Auftaktworkshop der Gemeinde Swisttal zur Erstellung des Klimaneutralitätskonzepts: Arbeitsgruppe Klimabildung mit Alexandra Bohlen, Interkommunale Klimaschutzmanagerin für die Klimaregion Rhein-Voreifel (3.v. rechts).

Bei dem Auftaktworkshop der Gemeinde Swisttal zum Klimaneutralitätskonzept standen unter anderem günstige Bus-Tickets auf dem Wunschzettel.
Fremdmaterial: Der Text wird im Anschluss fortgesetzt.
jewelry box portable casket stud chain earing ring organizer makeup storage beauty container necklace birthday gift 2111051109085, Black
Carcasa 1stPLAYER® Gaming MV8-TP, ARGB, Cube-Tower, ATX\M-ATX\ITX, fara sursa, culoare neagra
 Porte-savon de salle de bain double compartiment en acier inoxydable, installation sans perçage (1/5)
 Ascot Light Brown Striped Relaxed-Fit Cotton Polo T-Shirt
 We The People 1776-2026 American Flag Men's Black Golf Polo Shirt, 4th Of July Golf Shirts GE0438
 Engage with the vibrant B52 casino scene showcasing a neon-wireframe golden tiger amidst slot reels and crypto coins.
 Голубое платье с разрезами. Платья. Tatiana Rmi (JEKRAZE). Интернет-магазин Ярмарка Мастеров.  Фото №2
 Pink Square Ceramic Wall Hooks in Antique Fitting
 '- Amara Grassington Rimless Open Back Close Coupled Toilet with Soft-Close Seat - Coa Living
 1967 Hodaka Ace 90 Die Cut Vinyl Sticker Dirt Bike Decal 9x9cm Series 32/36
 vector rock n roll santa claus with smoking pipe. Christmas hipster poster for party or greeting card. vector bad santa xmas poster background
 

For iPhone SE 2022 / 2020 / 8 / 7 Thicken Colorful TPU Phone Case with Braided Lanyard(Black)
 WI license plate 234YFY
Viele Autos parkten am Ludendorfer Dorfhaus. Bürger aus ganz Swisttal waren zum Auftaktworkshop der Gemeinde gefahren – ausgerechnet zur Erarbeitung eines Klimaneutralitätskonzeptes. Der Individualverkehr wird ein Thema für das Konzept sein, an dem Kommunen der Klimaregion Rhein-Voreifel und Fachleuten vom Institut für angewandtes Stoffstrommanagement (IfaS) arbeiten. Das Ziel: Energie einsparen und Emissionen wie den CO₂-Ausstoß weiter verringern. Es geht auch darum, sich an die Folgen des Klimawandels anzupassen und Maßnahmen zu erarbeiten.

Bis Ende des Jahres soll das Konzept fertig sein und den Kurs im Klimaschutz in der Region vorgeben. Kurz-, mittel- und langfristige Maßnahmen aus unterschiedlichen Handlungsfeldern werden festgelegt. Mit Blick vor die Tür stellte Swisttals Bürgermeisterin Petra Kalkbrenner fest: „Da ist wieder eine beachtliche Anzahl mit dem Auto gekommen, das war bestimmt nicht klimaneutral.“ Das Wichtige sei jedoch: „Sie sind da und interessieren sich für das Thema, ein ganz zentrales Thema für uns, nicht nur, weil es ein Gesetz dazu gibt.“

Gemeinde Swisttal will Klimaneutralität bis 2045

Die Swisttaler Ratsfraktionen hatten 2022 schon festgelegt, dass die Gemeinde bis 2045 klimaneutral sein muss. „Wir wollen ein Zeichen für uns setzen und sagen: Wir wollen uns aktiv mit einem Beschluss binden und zur Klimaneutralität beitragen.“ Dazu sei in der Vergangenheit schon einiges getan worden, doch müssten nun erneut Anstrengungen unternommen werden, „weil uns die Zeit wegläuft“. Im aktuellen Haushaltsplan ist Klimaneutralität als „das herausragende Ziel“ kenntlich gemacht.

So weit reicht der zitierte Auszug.